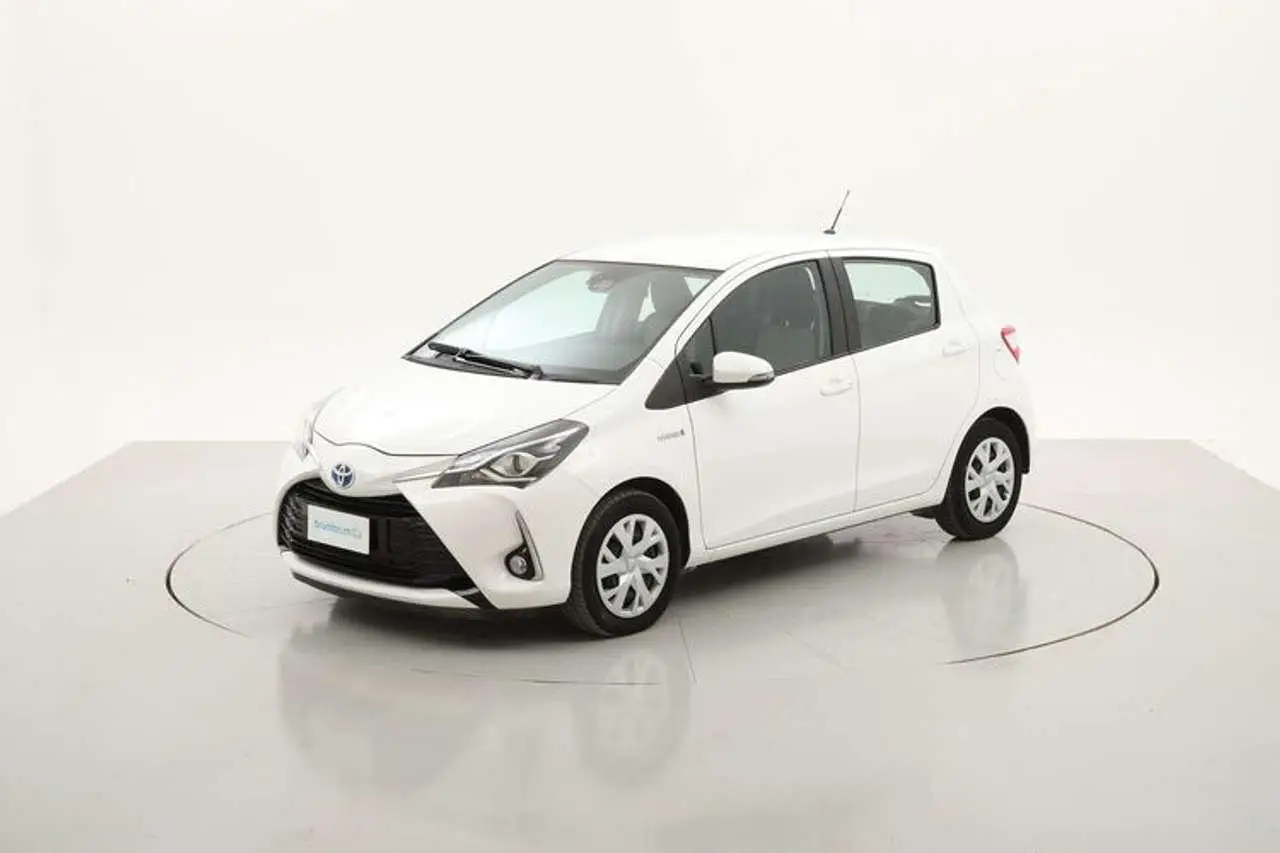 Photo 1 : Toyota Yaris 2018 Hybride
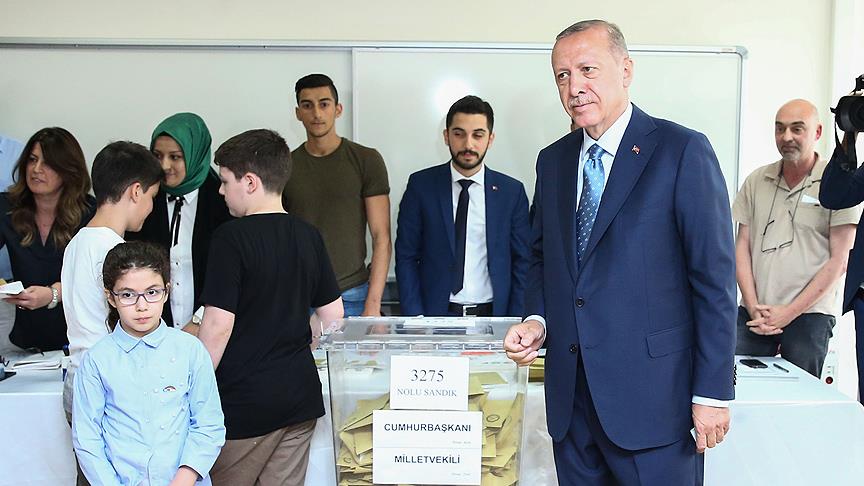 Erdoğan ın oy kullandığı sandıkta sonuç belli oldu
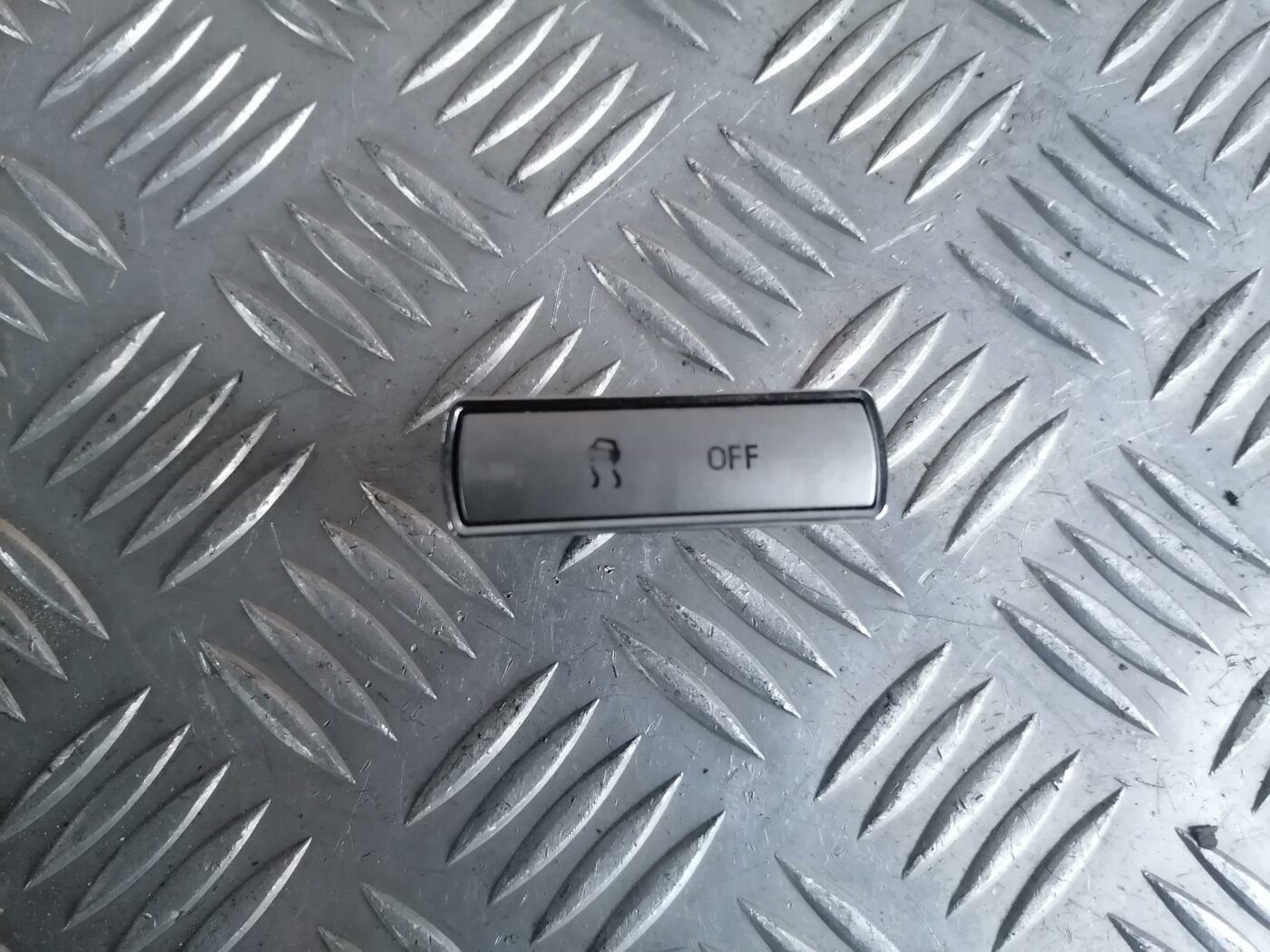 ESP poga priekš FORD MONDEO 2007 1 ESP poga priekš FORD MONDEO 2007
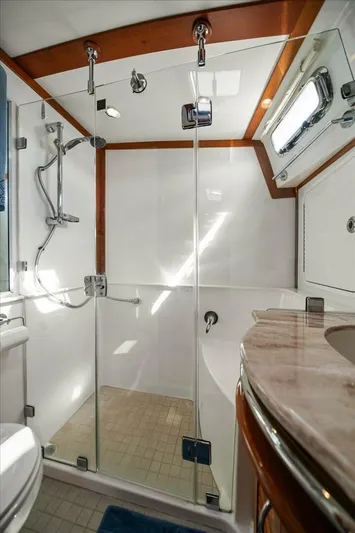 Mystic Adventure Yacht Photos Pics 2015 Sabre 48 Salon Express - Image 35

> **Required action**
Omit every picture while printing the data word for word.

> **Answer to this task**
 Photo 1 : Toyota Yaris 2018 Hybride
 Erdoğan ın oy kullandığı sandıkta sonuç belli oldu
 ESP poga priekš FORD MONDEO 2007 1 ESP poga priekš FORD MONDEO 2007
 Mystic Adventure Yacht Photos Pics 2015 Sabre 48 Salon Express - Image 35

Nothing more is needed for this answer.